The European Commission was set to rule in mid-July that holding company IRI could inject L2,750 billion (US$1.8 billion) into Alitalia as state aid, with conditions attached. The amount granted just falls short of Alitalia's original L3,000 billion demand.

The ruling ends months of bargaining by the Italian authorities, which tried to persuade the Commission that the funds should be approved under the market investor principle. The state aid will be released in three tranches, with immediate access to L1,000 billion, another 500 billion lire in May 1998 and 250 billion lire in May 1999. Alitalia has already received L1,000 billion from IRI.

While most of the conditions attached to the aid adhere to the well tried formula applied in previous rulings, one particularly severe condition and one key oversight stand out.

The Commission has put its foot down on Alitalia's monopoly rights on routes outside the European Union, demanding that these be renounced by the end of 1998. But, while the Commission may have adopted a strict stance on route rights, the Achilles heel in an otherwise carefully drawn up plan concerns Alitalia's charter subsidiary, Eurofly.

As none of the state aid conditions apply to Eurofly, Alitalia could lease additional aircraft to the subsidiary to operate scheduled services, thereby bypassing strict capacity growth limitations, says one Italian airline source.

Other conditions oblige Alitalia to sell its 30 per cent stake in Malev - a move that, will delight the Hungarian carrier which has long campaigned to sever all links with its partner; the remaining 5 per cent stake in the engineering firm Alfa Avio; and holdings in a series of regional airports. Alitalia will also be barred from investing in other carriers.

The Commission will also seek a commitment that cash-strapped Alitalia will limit capacity expansion to 2.7 per cent below overall market growth and not engage in 'downward price leadership' within Europe. Further conditions include cutting 1,212 jobs by 2000 and freezing fleet numbers at 157 aircraft. The carrier had planned to expand the fleet to 172 aircraft.
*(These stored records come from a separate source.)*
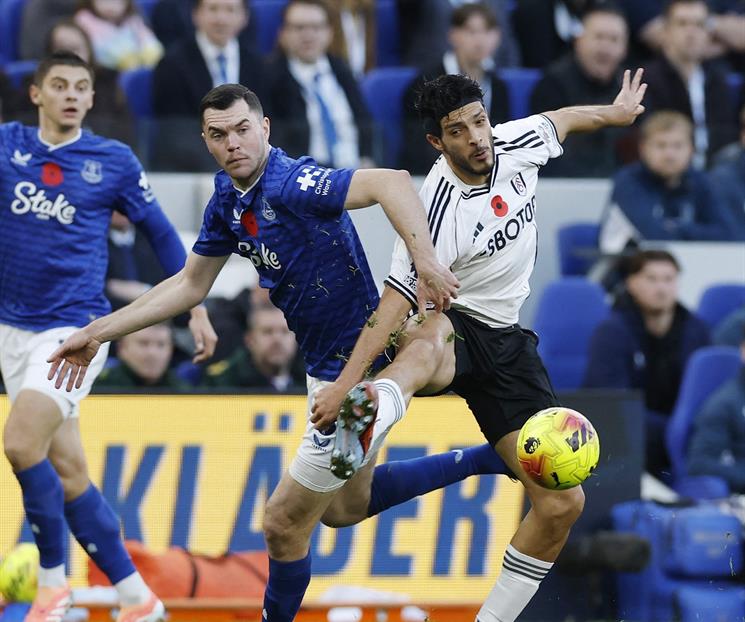 Caen Raúl y Fulham en la Liga Premier de Inglaterra Caen Raúl y Fulham en la Liga Premier de Inglaterra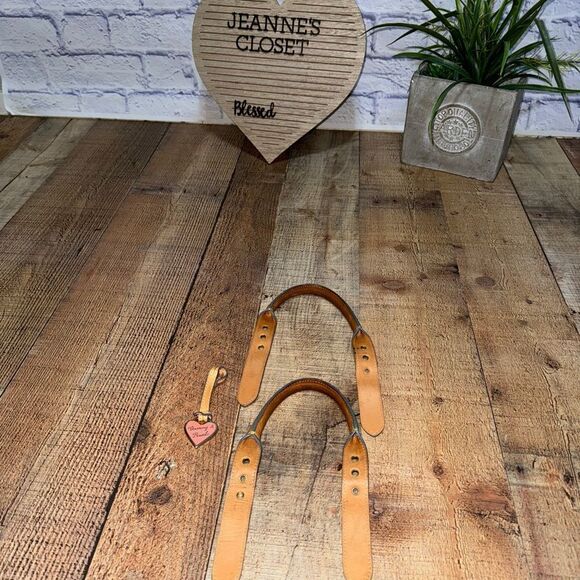 Dooney Bourke satchel replacement straps / handles
And bag charm - Picture 9 of 9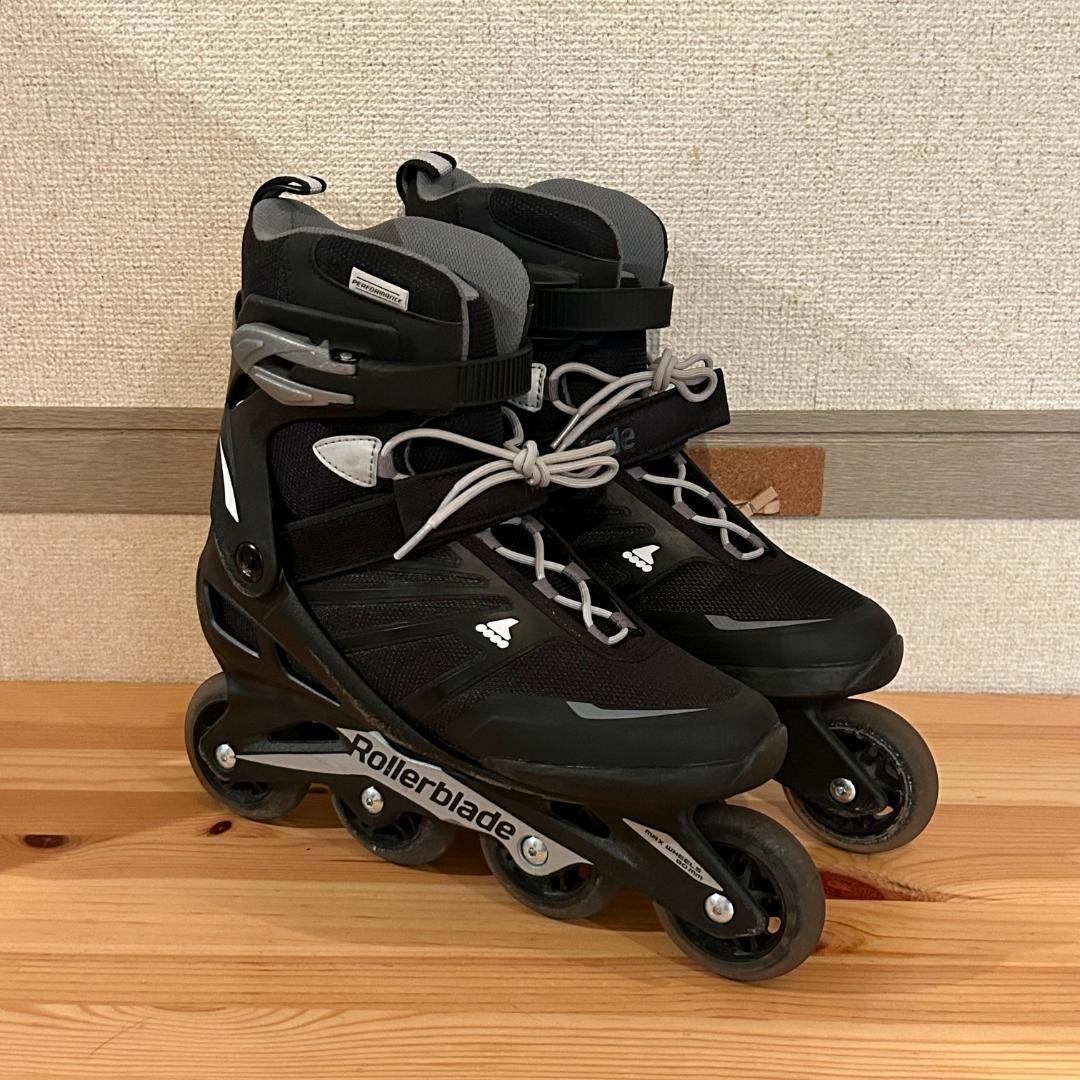 Excellent condition Rollerblade ZETRABLADE 27cm with protectors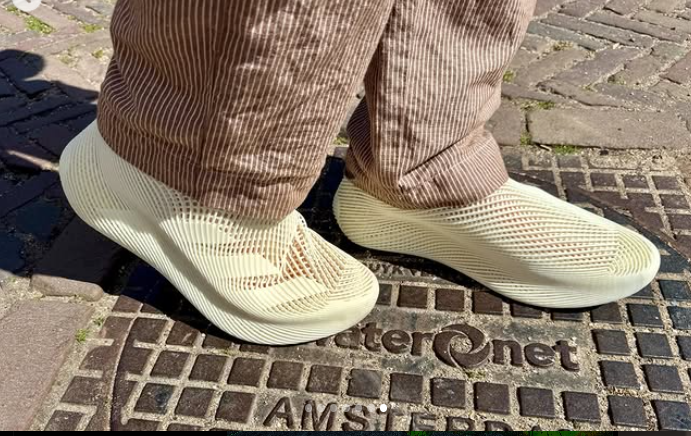 ¡Adidas lanza unos tenis impresos en 3D que revolucionan el calzado deportivo!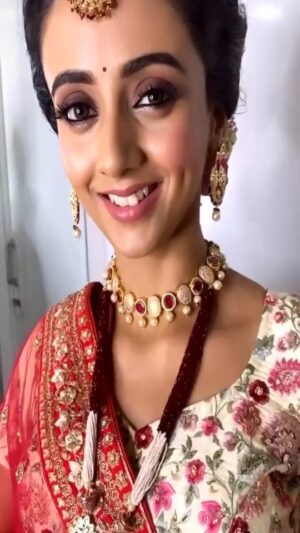 Zalak Desai Instagram - Wedding look❣️

Video courtesy: @makeupbymahekbhatt 

#Bride#BridesOfIndia##BridalWear#Traditional#Indian#Lehenga#Beauty#IndianBeauty#Actor#BigDay#DewyMakeup#FloralBun#MinimalLook#SubtleLook#LookOfTheDay#ZalakDesai#Instaperfect#Trending#Reels#ReelItFeelIt#ReelKaroFeelKaro#Grateful#Gratitude#ThankYouGod#ThankYouUniverse#PositiveVibesOnly✨😇🧿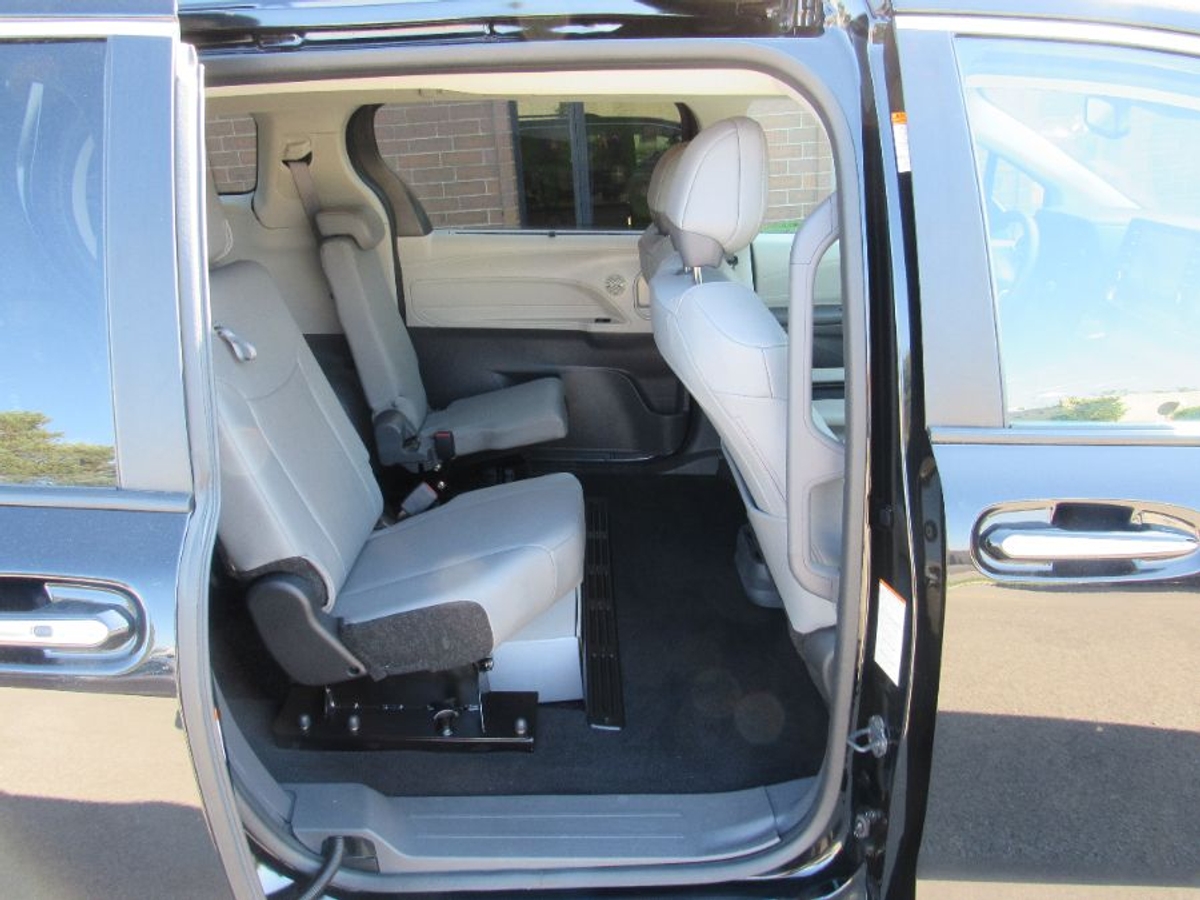 2024 TOYOTA SIENNA - Image 14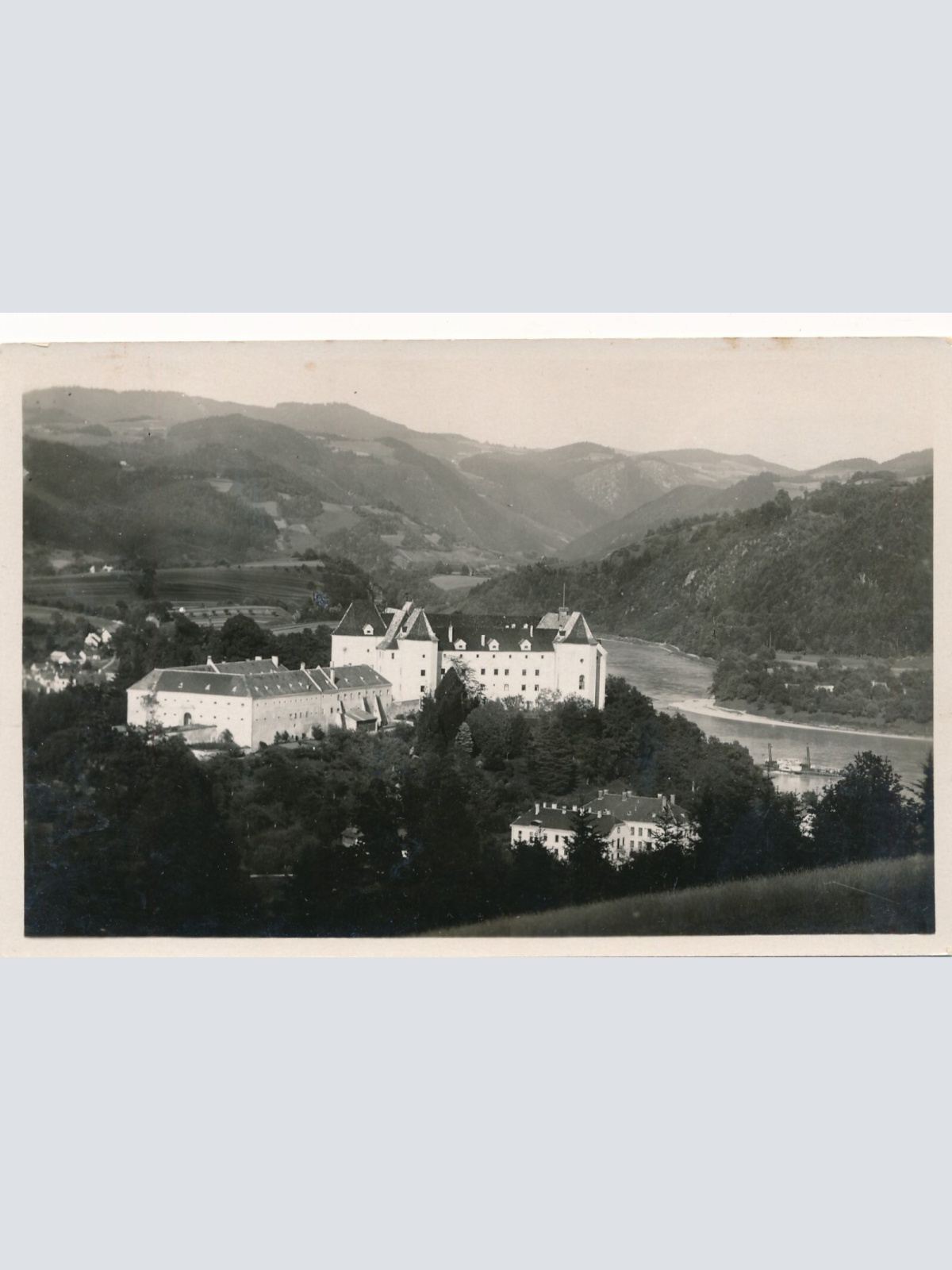 AK aus Grein a. Donau Oberösterreich (J99)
* The European Court of First Instance made its first ever air transport ruling in June, rejecting Air Inter's application to annul a European Commission decision. The Commission had refused the French airline's request to maintain exclusive rights on routes from Paris to Marseilles and Toulouse after TAT complained it had been refused access to the routes. Air Inter had claimed that it needed a monopoly on those lucrative routes to cross-subsidise unprofitable services.